Rapport、ネットバンクのセキュリティ対策
- (2014-03-08 11:10:17)
Rapportがやってくれること
ソフトをダウンロードして説明を読む。要約する:
(1)キーロギング対策
Rapportは基本文字置換アルゴリズムを使用する。
(2)ブラウザーアドオン
ブラウザーアドオンが機密情報を読み取ったり、
ユーザーのトランザクションを改ざんしたりすることを防止。
(3)悪意あるプログラム
プログラムがブラウザーに接続し、機密情報を読み取ったり、
ユーザーのトランザクションを改ざんしたりすることを防止。
(4)スクリーンキャプチャー
保護されたWebサイトに接続している間、
スクリーンショットの取得を防止。
(5)セッションハイジャック
保護されたWebサイトに接続している間、
セッションパラメーターへのアクセスを防止。
(6)フィッシング
Rapportはユーザーが保護されたWebサイトで使用するパスワードを記憶し、
ユーザーがこのパスワードまたはユーザー名を異なるWebサイトで使用すると警告。
(7)ファーミングまたはDNS偽装
Rapportはユーザーが保護されたWebサイトに接続するたびに
そのWebサイトのIPアドレスおよびSSL証明書を検証。
一般のセキュリティソフトとの違い
(2)と(3)は一般のセキュリティソフトと同じ。
(4)から(7)の項目までのスクリーンキャプチャー・セッションハイジャック・フィッシングとファーミングはRapportのTrusteer社が契約している銀行のサイト(「保護されたWebサイト」)に対してのみ有効だ。
彼らがパートナーと呼んでいる銀行は日本では「三菱銀行」と「セブン銀行」しなかいので、他の銀行には役立たずというとことなのかな?
(1)のキーロガー対策は三菱銀行用のIDとパスワード以外でも暗号化してくれているのかどうかよくわからない。
ユーザーではなく銀行側が払うタイプのセキュリティソフト?
銀行側が、Trusteer社にそれなりの契約金(おそらく年間契約)をお支払いすれば「パートナー」と呼ばれて保護対象になるのだろう。
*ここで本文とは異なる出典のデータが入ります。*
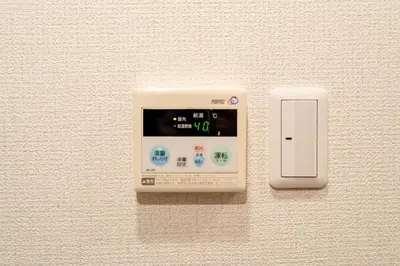 a electronic device with a clock on a wall at Belle Lead in Tokyo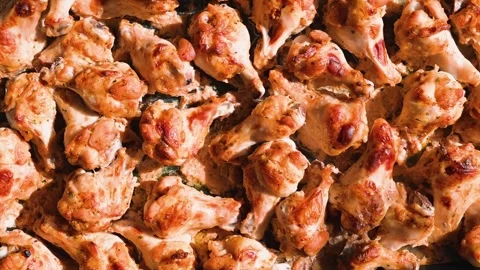 A large tray filled with baked chicken wings is displayed, showcasing their Stock Footage 338290512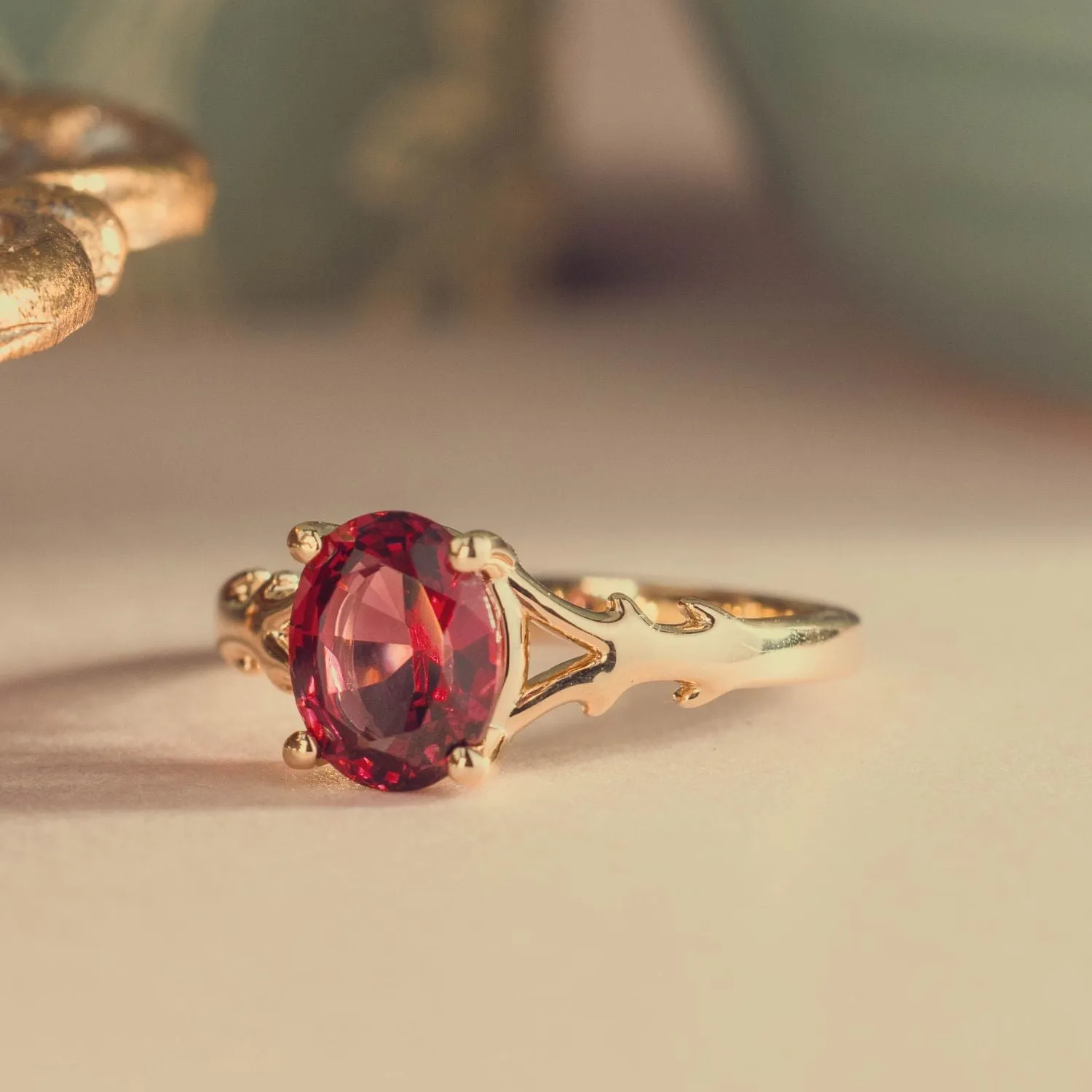 The Dakota - Oval Garnet Rhodolite Solitaire Engagement Ring with Nature-Inspired Split Shank Setting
今までのセキュリティ対策ソフトは個人に払ってもらうタイプだが、Rapportは銀行に払ってもらうモデルのようだ。よく考えられたビジネスモデルと感動した。
三菱銀行以外のサイトは保護してくれるか?
三菱銀行からダウンロードしただけに、三菱銀行のサイトへのアクセスしかプロテクトしていないと推測されるが、なんと、id・パスワードを送信するサイトは「すべてのWebサイトで、Rapportの保護を受ける必要があります」という説明がある。
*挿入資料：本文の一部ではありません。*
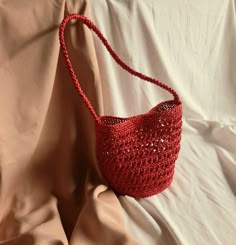 a red crocheted purse sitting on top of a white bed sheet with pillows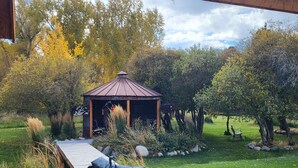 A gazebo in a garden with a wooden deck and outdoor seating. - Buffalo Peaks B&B (Buena Vista)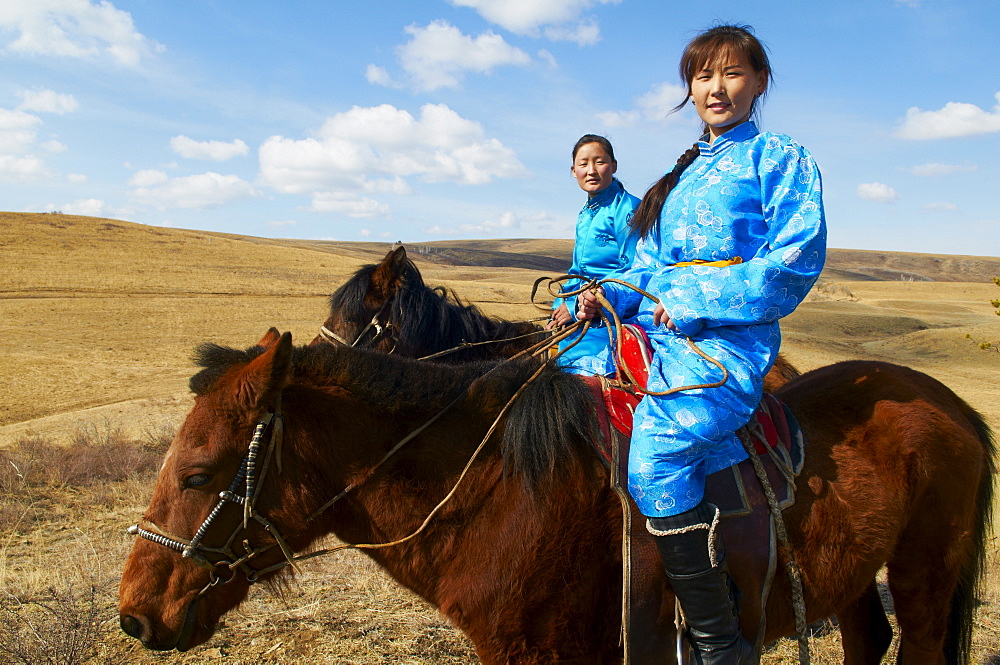 Young Mongolian women in traditional costume (deel) riding horses, Province of Khovd, Mongolia, Central Asia, Asia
----------------Rapportのヘルプから引用--------------------
追加のWebサイトの保護方法
Rapportは大切なお客様に可能な限り最高の保護を提供するために、Trusteerと直接連携する特定のWebサイトを保護するようにあらかじめ設定されています。
TrusteerはユーザーがオンラインIDを送信するすべてのWebサイトでRapportの保護を有効にすることをお奨めします。
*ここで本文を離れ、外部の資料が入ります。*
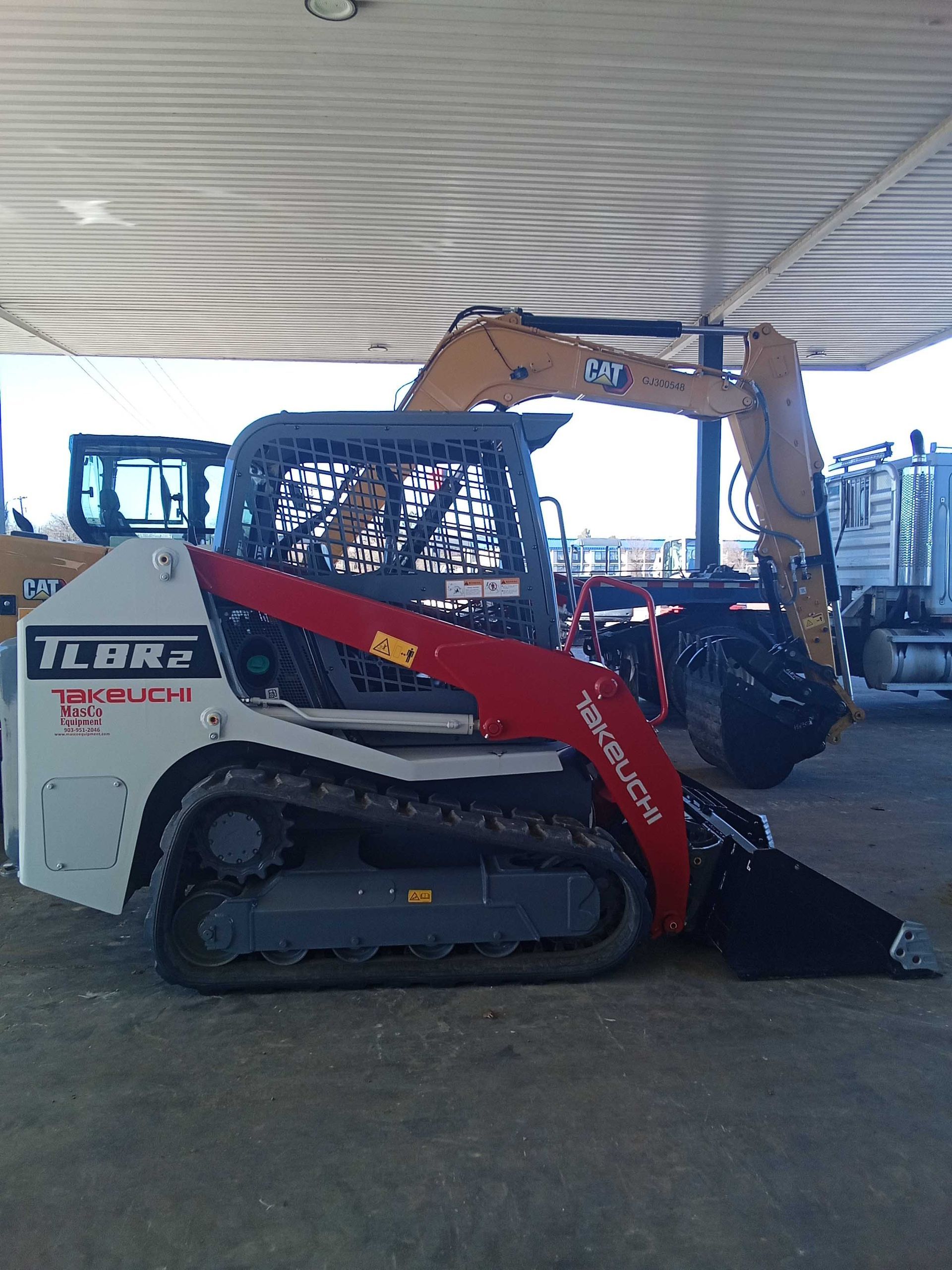 White and red track loader with black bucket parked under a canopy; yellow excavator in background.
-------------------------------------------------------------
ブラウザのURL窓に現れるRapportアイコン
この説明によると、三井住友銀行も新生銀行もJNBも、すべて個別に手作業で登録できて、保護の対象になると読める。そのやり方がわからなかったが、ふと気づくとブラウザーのURL窓の右側にRapportのアイコンができており、そこをクリックすると「このサイトを保護しますか?」とでるではないか。
Rapportアイコンがいつから出ているか、不覚にもよくわからない。最初の数日は気づかなかった。また、Rapportアイコンが追加されたブラウザは
・IE
・Chrome
FirefoxとOperaには追加されていない。他のブラウザはチェックしていない。
三菱銀行からダウンロードするRapportは三菱銀行しかプロテクトしない(三菱銀行さんからすれば当然の措置だろう)と思ったが、他のサイトも保護してくれそうだ。太っ腹だな。サイト数に制限はあるようだが・・・
ライセンス → http://www.trusteer.com/ja/support/rapport-license
導入価値ありか?
Rapportの機能は一般のセキュリティソフトである程度対応できるので、あえて導入する必要もないように見える。反面、2種類のセキュリティソフトを導入していれば、それだけ防御も手厚くなるとも言える。残高が多い人はこの種の保険があれば、精神的にも安心だ。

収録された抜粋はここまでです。